- Task details: Print the first line of the records below and every line after it, up to and including the line with "Magnesium 12-in-1 Complex". Print nothing else.

═══ Listed records

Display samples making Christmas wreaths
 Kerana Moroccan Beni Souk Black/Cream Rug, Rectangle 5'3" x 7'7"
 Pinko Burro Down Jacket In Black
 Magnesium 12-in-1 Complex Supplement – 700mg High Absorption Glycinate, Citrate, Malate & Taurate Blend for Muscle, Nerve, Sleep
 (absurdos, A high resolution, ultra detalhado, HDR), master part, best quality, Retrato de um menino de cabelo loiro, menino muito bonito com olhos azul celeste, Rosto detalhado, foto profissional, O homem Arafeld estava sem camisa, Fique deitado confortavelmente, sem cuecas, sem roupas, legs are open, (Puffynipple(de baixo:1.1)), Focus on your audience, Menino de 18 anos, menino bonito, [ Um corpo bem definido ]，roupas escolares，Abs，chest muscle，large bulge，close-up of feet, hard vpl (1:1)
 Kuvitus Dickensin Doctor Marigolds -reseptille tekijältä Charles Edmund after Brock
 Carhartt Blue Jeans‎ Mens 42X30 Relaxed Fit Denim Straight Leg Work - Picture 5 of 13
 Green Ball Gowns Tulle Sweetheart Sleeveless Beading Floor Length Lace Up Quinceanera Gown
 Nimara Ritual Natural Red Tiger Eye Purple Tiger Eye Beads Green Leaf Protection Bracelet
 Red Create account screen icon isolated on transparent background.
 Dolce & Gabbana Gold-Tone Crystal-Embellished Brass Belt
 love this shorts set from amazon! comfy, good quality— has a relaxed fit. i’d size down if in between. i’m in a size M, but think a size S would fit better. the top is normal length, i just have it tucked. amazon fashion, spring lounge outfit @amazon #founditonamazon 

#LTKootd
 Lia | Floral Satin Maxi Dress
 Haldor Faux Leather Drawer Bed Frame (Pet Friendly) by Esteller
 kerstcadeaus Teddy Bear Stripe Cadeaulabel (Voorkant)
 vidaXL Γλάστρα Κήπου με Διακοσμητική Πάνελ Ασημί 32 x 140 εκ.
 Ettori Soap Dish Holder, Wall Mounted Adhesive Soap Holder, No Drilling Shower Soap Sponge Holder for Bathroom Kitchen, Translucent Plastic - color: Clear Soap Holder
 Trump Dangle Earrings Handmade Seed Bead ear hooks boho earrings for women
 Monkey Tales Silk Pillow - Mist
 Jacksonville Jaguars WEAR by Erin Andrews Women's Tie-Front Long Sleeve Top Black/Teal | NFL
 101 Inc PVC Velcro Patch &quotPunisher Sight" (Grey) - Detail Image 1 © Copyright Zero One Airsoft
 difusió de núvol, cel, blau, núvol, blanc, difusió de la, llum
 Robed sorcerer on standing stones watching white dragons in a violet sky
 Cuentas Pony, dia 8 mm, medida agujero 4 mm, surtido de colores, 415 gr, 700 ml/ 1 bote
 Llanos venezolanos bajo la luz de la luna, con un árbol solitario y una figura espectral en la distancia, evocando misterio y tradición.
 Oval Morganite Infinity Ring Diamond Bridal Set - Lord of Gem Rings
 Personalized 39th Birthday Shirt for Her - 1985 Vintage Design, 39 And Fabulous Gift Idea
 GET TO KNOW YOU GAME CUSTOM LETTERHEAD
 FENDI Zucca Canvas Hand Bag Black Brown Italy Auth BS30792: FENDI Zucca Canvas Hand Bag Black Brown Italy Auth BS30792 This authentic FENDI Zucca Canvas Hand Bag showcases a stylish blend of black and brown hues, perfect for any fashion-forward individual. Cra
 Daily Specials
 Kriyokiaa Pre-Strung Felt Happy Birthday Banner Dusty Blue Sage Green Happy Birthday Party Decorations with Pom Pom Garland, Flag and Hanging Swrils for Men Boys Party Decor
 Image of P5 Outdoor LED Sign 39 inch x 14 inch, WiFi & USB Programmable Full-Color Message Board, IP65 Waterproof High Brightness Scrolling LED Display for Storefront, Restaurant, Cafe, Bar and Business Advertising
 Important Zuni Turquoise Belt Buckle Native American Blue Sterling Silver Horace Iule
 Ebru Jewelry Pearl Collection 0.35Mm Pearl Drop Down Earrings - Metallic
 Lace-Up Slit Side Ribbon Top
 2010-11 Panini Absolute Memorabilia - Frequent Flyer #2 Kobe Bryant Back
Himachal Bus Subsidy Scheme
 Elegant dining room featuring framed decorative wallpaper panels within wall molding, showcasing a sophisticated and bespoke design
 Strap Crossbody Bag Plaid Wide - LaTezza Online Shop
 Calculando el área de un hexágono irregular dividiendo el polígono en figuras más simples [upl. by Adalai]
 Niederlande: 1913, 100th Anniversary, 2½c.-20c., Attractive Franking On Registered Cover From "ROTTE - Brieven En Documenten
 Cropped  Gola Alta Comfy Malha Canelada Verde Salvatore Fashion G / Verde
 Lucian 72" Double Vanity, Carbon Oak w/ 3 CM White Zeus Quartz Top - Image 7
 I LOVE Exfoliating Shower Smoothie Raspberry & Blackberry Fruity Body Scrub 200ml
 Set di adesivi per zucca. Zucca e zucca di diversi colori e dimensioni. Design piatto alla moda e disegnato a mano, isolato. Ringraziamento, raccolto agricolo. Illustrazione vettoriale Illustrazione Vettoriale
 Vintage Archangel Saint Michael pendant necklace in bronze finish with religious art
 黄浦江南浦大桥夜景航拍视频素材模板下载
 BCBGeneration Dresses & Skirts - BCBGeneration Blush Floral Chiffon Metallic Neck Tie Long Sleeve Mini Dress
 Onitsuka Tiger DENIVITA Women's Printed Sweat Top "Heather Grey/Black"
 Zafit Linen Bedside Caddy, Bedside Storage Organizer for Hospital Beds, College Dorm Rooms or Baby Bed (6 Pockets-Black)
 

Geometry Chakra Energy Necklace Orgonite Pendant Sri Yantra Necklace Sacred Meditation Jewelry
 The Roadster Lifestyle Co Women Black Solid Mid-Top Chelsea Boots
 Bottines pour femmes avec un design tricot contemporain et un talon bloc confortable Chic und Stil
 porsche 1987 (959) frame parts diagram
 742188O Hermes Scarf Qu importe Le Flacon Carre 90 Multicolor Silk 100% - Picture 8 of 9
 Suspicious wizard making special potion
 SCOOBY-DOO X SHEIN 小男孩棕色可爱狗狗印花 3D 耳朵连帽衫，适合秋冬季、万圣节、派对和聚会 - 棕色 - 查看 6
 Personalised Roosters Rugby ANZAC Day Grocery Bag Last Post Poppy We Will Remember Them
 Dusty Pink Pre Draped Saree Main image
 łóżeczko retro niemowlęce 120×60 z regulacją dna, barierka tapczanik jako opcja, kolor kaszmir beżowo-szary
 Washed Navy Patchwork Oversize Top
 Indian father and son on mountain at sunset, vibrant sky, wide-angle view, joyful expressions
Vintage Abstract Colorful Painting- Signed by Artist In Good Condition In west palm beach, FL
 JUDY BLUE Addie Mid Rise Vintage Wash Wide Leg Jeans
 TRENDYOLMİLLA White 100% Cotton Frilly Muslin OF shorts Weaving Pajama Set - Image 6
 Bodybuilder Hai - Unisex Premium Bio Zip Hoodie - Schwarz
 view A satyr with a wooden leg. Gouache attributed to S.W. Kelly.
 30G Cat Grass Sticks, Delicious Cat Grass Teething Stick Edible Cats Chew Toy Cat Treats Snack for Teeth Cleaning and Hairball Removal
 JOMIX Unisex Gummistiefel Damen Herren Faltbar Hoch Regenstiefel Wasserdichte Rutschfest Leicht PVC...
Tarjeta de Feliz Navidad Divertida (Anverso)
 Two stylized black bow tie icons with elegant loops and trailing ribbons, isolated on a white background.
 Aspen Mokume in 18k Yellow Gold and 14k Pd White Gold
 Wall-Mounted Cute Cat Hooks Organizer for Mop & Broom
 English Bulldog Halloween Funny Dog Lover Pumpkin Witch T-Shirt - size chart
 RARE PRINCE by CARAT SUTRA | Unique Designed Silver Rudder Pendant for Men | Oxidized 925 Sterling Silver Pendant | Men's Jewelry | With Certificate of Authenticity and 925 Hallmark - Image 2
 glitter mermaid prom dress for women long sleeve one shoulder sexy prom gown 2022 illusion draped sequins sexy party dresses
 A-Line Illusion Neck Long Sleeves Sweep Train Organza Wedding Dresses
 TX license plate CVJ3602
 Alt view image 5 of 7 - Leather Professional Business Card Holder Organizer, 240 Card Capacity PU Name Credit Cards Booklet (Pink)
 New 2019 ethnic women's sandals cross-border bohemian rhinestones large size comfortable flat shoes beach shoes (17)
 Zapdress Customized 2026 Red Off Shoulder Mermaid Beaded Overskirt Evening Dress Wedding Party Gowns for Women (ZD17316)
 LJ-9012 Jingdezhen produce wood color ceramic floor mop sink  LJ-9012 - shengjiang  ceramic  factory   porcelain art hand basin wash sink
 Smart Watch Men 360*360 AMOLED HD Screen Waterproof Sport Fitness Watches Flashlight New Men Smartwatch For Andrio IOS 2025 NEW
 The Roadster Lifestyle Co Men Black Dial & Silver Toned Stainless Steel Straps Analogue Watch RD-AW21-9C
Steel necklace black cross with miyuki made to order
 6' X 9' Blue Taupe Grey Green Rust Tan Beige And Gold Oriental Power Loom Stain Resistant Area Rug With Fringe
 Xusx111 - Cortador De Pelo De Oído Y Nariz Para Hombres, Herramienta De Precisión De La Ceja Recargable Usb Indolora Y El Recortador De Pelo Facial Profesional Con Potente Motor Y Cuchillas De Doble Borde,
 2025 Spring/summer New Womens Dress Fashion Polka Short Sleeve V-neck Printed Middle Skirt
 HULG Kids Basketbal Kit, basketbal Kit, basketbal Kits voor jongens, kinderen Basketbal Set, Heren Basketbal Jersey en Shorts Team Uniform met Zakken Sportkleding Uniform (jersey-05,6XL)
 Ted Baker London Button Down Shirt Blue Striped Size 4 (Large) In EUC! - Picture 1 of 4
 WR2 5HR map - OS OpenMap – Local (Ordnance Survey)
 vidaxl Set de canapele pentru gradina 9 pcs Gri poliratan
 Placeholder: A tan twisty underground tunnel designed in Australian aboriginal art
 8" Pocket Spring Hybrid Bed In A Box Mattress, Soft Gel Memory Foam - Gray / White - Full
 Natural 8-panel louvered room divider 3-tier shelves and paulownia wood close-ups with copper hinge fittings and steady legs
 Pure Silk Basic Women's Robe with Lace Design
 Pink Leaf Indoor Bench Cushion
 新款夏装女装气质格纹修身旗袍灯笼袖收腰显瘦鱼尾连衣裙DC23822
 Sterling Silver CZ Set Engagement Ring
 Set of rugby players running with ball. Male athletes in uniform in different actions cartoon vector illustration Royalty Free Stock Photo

══════

- Task answer:
Display samples making Christmas wreaths
 Kerana Moroccan Beni Souk Black/Cream Rug, Rectangle 5'3" x 7'7"
 Pinko Burro Down Jacket In Black
 Magnesium 12-in-1 Complex Supplement – 700mg High Absorption Glycinate, Citrate, Malate & Taurate Blend for Muscle, Nerve, Sleep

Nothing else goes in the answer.